Collected data Start Marker

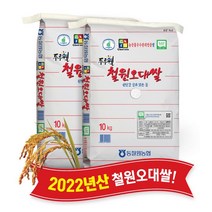 [당일도정] [동철원농협 직접운영] 2022년산 두루웰 철원오대쌀, 백미 10kg x 2포
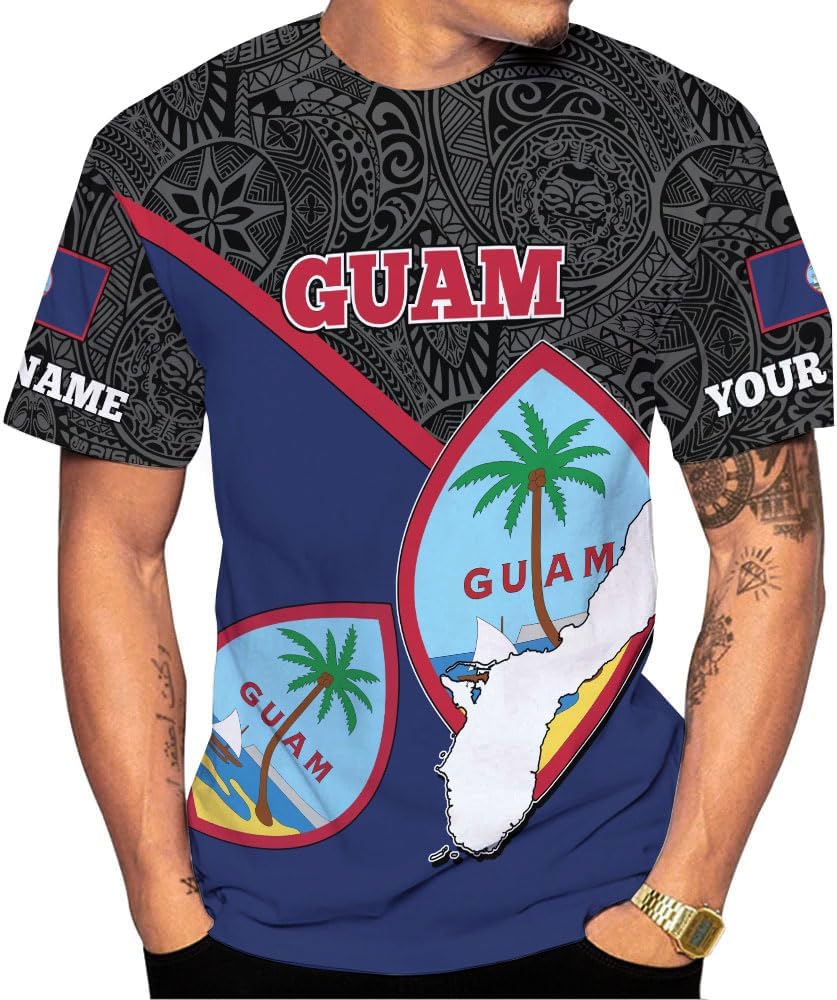 MoonArt Personalized Guam Shirt - Guahan Pride Tshirt for Men & Women - Guam Gifts Tee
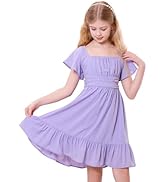 Amazon.com: Zando Purple Girls Dress Tie Back Summer Dresses Ruffle Short  Sleeve A-Line Swing Dress for Little Girls Weddings Casual Party Dress  Square Neck Off Shoulder Sundress 6-7 Years: Clothing, Shoes &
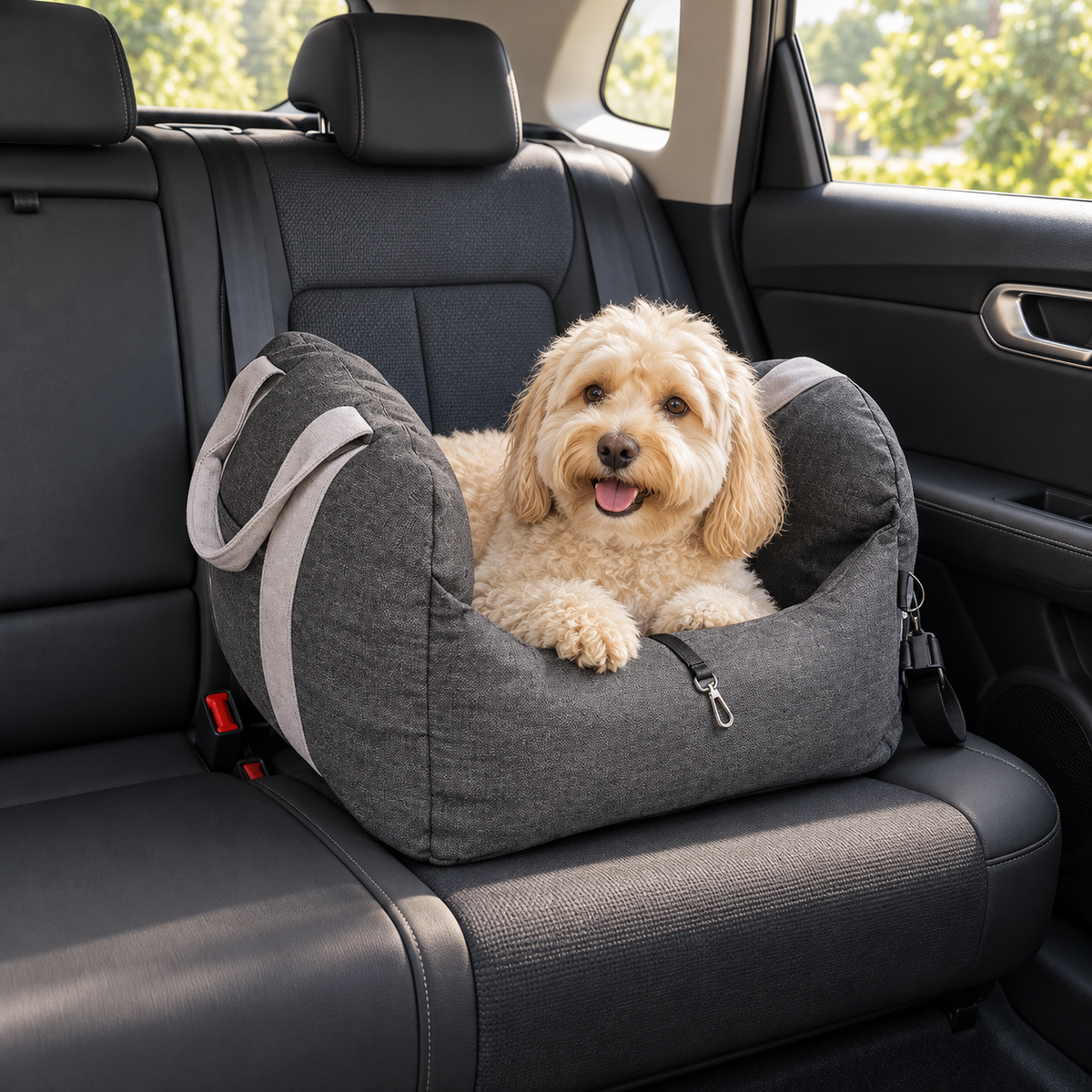 MAVORNE ErsteKlasse elevated dog car seat in a car with a small dog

Collected data End Marker

Directions:
Give again, word for word, only the lines that run from the top of the data above through the line with "Amazon.com: Zando Purple". Drop the pictures.

Response:
 [당일도정] [동철원농협 직접운영] 2022년산 두루웰 철원오대쌀, 백미 10kg x 2포
 MoonArt Personalized Guam Shirt - Guahan Pride Tshirt for Men & Women - Guam Gifts Tee
 Amazon.com: Zando Purple Girls Dress Tie Back Summer Dresses Ruffle Short  Sleeve A-Line Swing Dress for Little Girls Weddings Casual Party Dress  Square Neck Off Shoulder Sundress 6-7 Years: Clothing, Shoes &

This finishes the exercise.